[Dataset items]
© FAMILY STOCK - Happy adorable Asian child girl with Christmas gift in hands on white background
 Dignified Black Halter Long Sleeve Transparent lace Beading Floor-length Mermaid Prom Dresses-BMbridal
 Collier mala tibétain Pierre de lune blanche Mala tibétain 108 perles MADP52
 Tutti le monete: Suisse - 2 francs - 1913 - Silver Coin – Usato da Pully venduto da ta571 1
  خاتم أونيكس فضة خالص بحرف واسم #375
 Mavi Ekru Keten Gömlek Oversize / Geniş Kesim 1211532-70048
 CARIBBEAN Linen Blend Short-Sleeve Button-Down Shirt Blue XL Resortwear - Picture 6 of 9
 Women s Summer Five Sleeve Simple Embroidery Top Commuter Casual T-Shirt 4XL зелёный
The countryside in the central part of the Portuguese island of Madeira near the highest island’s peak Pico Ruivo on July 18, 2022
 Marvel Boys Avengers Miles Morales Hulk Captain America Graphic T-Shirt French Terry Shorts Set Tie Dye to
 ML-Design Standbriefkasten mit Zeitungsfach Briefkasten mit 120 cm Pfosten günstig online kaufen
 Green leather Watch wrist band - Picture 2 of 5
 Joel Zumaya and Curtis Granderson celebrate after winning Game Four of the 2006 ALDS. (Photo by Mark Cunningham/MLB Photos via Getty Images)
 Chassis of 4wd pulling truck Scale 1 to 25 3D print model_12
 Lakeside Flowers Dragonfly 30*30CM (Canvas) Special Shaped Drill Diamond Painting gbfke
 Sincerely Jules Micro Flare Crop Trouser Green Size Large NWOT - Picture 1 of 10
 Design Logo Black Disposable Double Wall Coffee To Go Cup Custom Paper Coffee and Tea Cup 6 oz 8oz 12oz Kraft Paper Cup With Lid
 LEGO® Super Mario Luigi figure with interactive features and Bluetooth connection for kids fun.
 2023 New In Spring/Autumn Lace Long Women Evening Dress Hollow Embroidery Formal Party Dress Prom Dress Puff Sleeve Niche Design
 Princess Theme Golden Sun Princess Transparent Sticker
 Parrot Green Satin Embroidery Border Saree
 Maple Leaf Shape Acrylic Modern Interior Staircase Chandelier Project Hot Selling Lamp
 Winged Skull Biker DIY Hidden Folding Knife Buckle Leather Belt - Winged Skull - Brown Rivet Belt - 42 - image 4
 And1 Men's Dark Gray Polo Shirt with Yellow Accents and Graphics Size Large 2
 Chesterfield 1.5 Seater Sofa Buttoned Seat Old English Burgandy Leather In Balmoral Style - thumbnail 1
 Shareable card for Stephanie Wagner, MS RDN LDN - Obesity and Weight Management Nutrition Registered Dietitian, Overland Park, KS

== EXERCISE DESCRIPTION ==
Set down exactly, and only, the lines of the data above from the line containing "Chesterfield 1.5 Seater" through the last one.

== EXPECTED OUTPUT ==
 Chesterfield 1.5 Seater Sofa Buttoned Seat Old English Burgandy Leather In Balmoral Style - thumbnail 1
 Shareable card for Stephanie Wagner, MS RDN LDN - Obesity and Weight Management Nutrition Registered Dietitian, Overland Park, KS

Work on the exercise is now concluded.